Douglas Adams's Starship Titanic
- Author: Terry Jones
- Publisher: Harmony Books, Pan Books, Ballantine Books
- Publication date: October 1997
- Pages: 256 (first edition)

= Douglas Adams's Starship Titanic: A Novel =

1997 novel by Terry Jones

Douglas Adams's Starship Titanic is a novel written by Terry Jones, based on the game Starship Titanic conceived by Douglas Adams. The novel was published in October 1997 by Harmony Books and Pan Books, and in November 1998 by Ballantine Books.
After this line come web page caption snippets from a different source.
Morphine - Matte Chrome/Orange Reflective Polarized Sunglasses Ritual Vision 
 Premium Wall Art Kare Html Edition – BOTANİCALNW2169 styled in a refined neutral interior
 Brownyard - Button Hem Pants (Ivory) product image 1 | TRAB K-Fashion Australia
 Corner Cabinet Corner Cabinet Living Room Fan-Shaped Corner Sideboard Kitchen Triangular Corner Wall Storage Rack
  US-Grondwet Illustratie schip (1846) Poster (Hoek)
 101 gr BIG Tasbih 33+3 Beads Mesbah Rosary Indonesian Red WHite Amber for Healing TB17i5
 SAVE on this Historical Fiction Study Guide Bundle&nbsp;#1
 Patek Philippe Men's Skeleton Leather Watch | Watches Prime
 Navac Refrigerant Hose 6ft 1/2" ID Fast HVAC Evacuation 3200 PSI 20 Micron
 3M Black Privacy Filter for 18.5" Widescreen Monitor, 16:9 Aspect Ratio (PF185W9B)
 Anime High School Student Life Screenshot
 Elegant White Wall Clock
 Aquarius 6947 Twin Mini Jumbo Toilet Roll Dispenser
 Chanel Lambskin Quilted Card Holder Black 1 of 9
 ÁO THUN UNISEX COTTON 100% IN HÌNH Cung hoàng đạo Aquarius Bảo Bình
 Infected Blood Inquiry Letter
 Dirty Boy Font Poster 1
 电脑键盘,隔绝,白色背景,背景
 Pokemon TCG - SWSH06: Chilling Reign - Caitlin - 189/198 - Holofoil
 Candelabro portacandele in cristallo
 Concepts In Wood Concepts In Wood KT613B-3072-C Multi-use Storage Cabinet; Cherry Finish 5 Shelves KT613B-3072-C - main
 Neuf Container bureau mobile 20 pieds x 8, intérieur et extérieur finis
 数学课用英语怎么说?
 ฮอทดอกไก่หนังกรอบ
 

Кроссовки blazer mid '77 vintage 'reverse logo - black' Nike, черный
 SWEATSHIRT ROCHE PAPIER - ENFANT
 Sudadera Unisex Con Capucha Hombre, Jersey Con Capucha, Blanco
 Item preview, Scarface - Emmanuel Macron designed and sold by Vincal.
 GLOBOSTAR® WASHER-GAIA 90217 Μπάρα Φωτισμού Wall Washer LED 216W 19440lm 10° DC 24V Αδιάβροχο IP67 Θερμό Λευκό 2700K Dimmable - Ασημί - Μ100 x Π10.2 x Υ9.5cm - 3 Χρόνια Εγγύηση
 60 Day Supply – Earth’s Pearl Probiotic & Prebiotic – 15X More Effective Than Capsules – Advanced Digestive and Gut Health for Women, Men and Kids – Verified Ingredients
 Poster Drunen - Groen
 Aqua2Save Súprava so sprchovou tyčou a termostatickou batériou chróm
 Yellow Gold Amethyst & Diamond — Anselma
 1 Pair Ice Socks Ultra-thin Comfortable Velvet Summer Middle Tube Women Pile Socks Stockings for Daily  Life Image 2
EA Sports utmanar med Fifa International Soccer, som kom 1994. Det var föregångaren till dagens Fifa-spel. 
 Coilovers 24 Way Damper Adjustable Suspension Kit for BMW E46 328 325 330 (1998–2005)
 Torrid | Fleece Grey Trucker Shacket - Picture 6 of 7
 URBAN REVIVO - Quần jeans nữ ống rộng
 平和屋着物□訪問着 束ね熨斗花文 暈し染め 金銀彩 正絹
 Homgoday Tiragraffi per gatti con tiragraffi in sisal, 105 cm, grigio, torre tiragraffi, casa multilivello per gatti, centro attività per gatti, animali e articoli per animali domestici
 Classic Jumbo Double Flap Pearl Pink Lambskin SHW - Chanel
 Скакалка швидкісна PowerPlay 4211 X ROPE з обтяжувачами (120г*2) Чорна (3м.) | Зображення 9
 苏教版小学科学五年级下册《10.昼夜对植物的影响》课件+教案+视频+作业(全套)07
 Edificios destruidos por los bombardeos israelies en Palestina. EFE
The author, Terry Jones, based it on an outline provided by Douglas Adams. Jones, famous for his work with Monty Python, was the voice actor for the parrot character in the original game. Adams initially intended to write the adaptation himself, but was too focused on the game. Robert Sheckley was then approached to write it, but his submitted work was rejected by The Digital Village in Autumn 1997 because it was too different from Adams's writing style.Michael Bywater offered to write the novel after Sheckley abandoned the project, but, due to fears that Bywater would not complete the book on schedule, Adams ultimately asked Jones to write it as publishers expected the book's release to tie in with that of its source material (which itself ended up being delayed).
Because of a tight schedule and postponing of the novel, Jones had to write it in the five weeks before its release date. The book sold about 80,000 copies.
Gerald Jonas of The New York Times Book Review wrote that Jones "successfully mimics Adams's antic style", but that the novel lacks the qualities that made Hitchhiker's Guide to the Galaxy series "memorable".
However, Publishers Weekly praised the book, describing it as a "rich medium of whimsy and satire" and writing that it succeeds in making readers laugh.
Reviewing the novel for School Library Journal, Robin Defendall also praised it and wrote that "it will be popular with [Jones's and Adams's] many fans".

== Synopsis and plot ==
At the centre of the galaxy, an unknown civilisation is preparing for an event of epic proportions, the launch of the most technologically advanced spaceship ever built – the Starship Titanic, the ship that cannot possibly go wrong, based on an idea of a cruise ship starship disaster mentioned by Adams in the novel Life, the Universe and Everything.

In the novel, the ship is sabotaged by Antar Brobostigan and his accountant Droot Scraliontis as part of an insurance fraud, and undergoes a Spontaneous Massive Existence Failure, crashing on Earth and recruiting three humans to help repair it. Similarly to the game, the main characters seek to upgrade their class status and fix the ship's central computer. The novel also includes subplots involving the on-board bomb and a love triangle between two of the human characters and a journalist from the planet Blerontin.

== Releases ==
- ISBN 978-0-609601037 (13-digit)
- ISBN 0330354469 (10-digit)
- ISBN 978-0-330354462 (13-digit)

An audiobook was released in November 1997.
Trudi Miller Rosenblum of Billboard praised the audiobook's execution as "hilarious" and added that "there are plenty of wacky details and funny one-liners".

In 2007, it was re-released as an e-book. A new edition was published in the UK in 2023 by Pan Macmillan.

==Adaptation==
In December 2021, BBC Radio 4 broadcast a radio dramatisation, Starship Titanic, featuring Michael Palin and Simon Jones, who originally played Arthur Dent. It was adapted by Ian Billings and directed by Dirk Maggs, who also directed the last four series of The Hitchhiker's Guide to the Galaxy radio series.